* _EXERCISE_
The whole listing should come back exactly as written, except for the pictures.

* _DATA SECTION_
=== Section Start ===

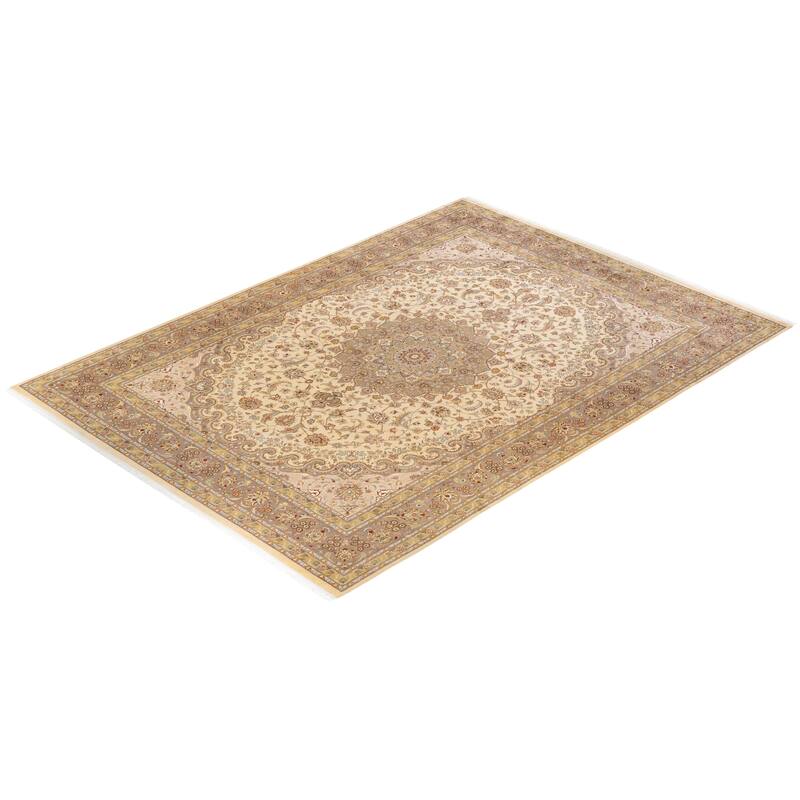 Overton Hand Knotted Wool Vintage Inspired Traditional Mogul Ivory Area Rug - 9 x 12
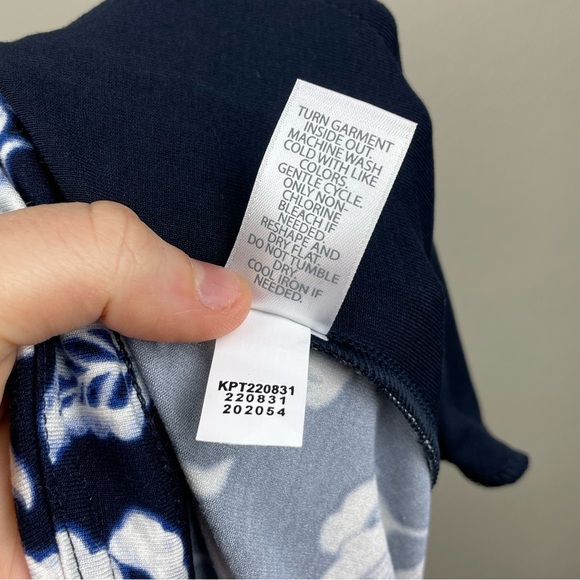 J.Jill NWT Women's Medium Wearever Full Leg Cropped Flowy jersey Knot Pants Blue - Picture 13 of 13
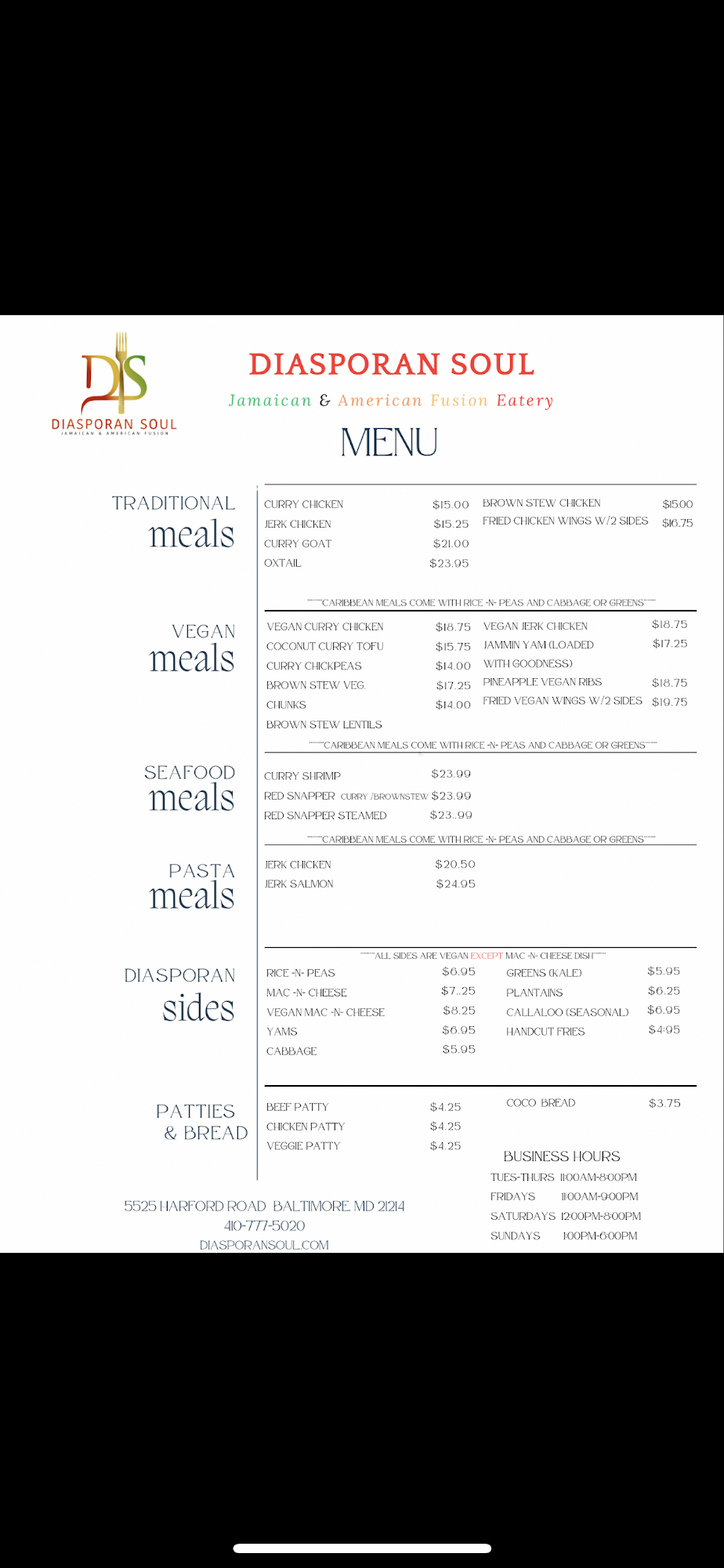 Diasporan Soul Jamaican & American Fusion Menu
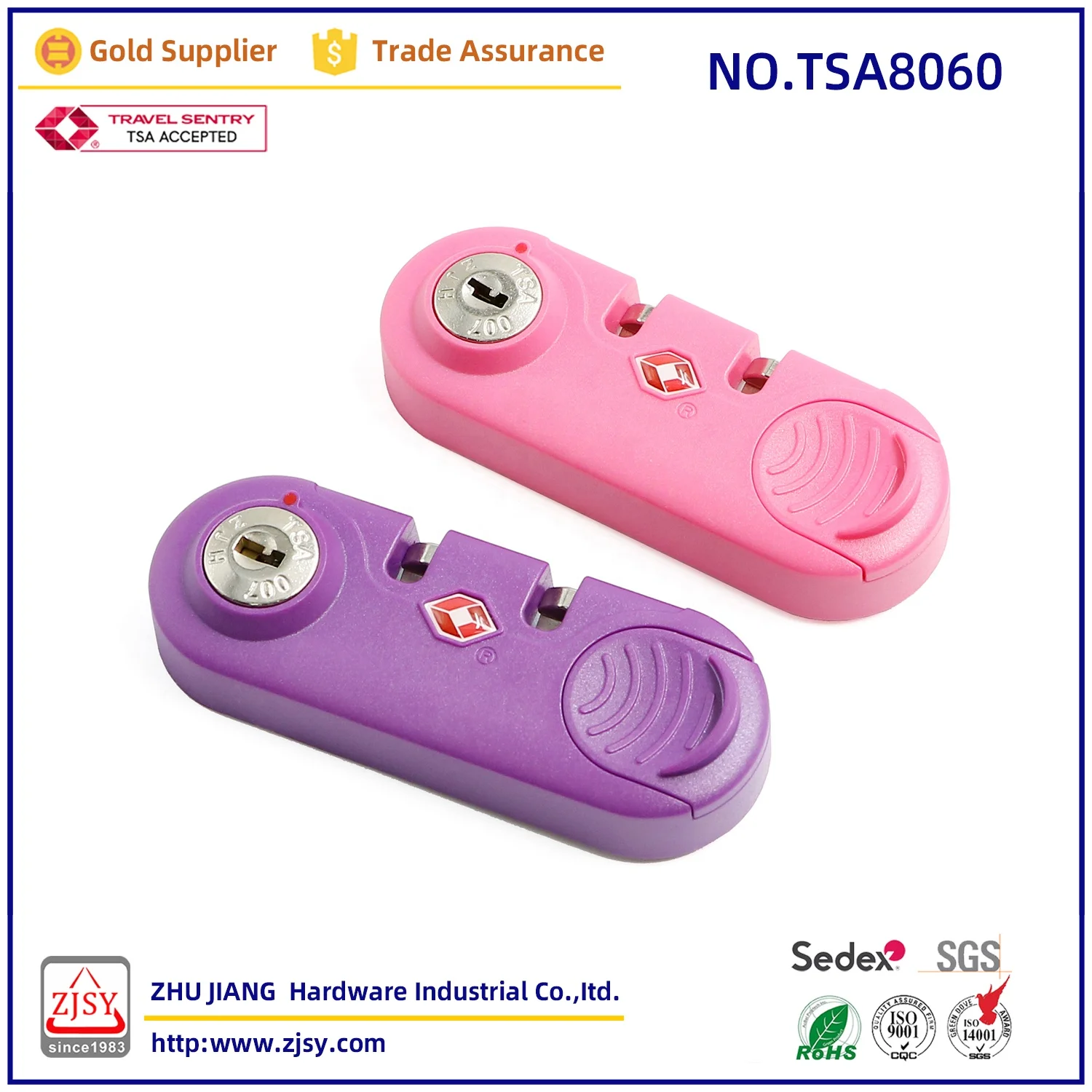 TSA8060 high quality plastic luggage zipper lock TSA007 customs lock safe travel fashion trolley case lock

=== Section End ===

* _EXPECTED ANSWER_
 Overton Hand Knotted Wool Vintage Inspired Traditional Mogul Ivory Area Rug - 9 x 12
 J.Jill NWT Women's Medium Wearever Full Leg Cropped Flowy jersey Knot Pants Blue - Picture 13 of 13
 Diasporan Soul Jamaican & American Fusion Menu
 TSA8060 high quality plastic luggage zipper lock TSA007 customs lock safe travel fashion trolley case lock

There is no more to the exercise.